> _WHAT THE TASK ASKS_
Below this line is a set of entries; quote exactly the lines from the line that contains "These great repurpose" to the line that contains "168 - A collection", both lines included.

(MATERIALS PROVIDED Opens)

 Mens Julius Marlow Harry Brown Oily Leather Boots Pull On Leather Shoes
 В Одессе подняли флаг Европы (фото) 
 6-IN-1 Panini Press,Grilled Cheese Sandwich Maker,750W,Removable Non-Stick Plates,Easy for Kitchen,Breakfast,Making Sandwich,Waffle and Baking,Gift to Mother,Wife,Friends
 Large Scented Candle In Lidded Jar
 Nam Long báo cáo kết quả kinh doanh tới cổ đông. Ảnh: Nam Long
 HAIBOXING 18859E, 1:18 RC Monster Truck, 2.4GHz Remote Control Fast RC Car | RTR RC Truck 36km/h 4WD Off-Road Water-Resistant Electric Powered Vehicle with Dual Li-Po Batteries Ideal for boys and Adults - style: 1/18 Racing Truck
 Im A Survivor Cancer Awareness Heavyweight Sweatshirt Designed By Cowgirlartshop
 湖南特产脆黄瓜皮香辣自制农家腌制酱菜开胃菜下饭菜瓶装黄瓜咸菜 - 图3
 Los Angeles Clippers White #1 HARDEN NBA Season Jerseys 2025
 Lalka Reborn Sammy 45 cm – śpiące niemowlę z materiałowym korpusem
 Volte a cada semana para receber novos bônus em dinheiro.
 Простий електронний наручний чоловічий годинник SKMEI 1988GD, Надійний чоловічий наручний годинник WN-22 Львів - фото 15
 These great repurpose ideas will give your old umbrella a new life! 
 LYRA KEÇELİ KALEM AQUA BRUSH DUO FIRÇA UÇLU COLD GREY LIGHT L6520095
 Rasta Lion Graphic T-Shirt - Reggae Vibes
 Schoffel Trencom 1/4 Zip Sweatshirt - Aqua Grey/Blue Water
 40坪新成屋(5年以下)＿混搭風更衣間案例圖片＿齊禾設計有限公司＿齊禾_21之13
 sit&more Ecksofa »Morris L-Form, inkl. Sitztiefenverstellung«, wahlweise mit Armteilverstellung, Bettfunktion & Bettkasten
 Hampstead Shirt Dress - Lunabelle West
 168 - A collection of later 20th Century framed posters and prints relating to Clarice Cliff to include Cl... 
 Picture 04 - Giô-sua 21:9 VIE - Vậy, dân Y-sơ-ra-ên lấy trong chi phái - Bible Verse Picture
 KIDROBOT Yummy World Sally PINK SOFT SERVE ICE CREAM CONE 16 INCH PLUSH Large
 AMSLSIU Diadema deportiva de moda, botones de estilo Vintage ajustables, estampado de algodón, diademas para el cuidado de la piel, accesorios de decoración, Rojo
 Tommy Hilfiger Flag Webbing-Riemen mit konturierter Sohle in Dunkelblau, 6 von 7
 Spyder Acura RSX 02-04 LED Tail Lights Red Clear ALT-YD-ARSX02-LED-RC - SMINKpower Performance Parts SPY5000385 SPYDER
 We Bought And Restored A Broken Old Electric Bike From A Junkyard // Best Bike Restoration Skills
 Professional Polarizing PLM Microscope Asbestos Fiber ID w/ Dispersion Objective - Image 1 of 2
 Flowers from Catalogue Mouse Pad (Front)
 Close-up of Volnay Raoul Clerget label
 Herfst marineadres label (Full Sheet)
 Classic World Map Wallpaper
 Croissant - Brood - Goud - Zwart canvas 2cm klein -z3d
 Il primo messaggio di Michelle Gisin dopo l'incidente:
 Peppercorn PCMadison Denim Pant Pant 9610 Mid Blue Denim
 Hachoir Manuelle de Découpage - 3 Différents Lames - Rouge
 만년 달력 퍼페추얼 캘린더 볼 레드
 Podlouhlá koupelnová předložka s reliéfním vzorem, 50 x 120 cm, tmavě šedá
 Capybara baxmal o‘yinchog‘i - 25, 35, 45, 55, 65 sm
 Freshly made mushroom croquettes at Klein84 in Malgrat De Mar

(MATERIALS PROVIDED Closes)

> _RESULT OF THIS EXERCISE_
 These great repurpose ideas will give your old umbrella a new life! 
 LYRA KEÇELİ KALEM AQUA BRUSH DUO FIRÇA UÇLU COLD GREY LIGHT L6520095
 Rasta Lion Graphic T-Shirt - Reggae Vibes
 Schoffel Trencom 1/4 Zip Sweatshirt - Aqua Grey/Blue Water
 40坪新成屋(5年以下)＿混搭風更衣間案例圖片＿齊禾設計有限公司＿齊禾_21之13
 sit&more Ecksofa »Morris L-Form, inkl. Sitztiefenverstellung«, wahlweise mit Armteilverstellung, Bettfunktion & Bettkasten
 Hampstead Shirt Dress - Lunabelle West
 168 - A collection of later 20th Century framed posters and prints relating to Clarice Cliff to include Cl... 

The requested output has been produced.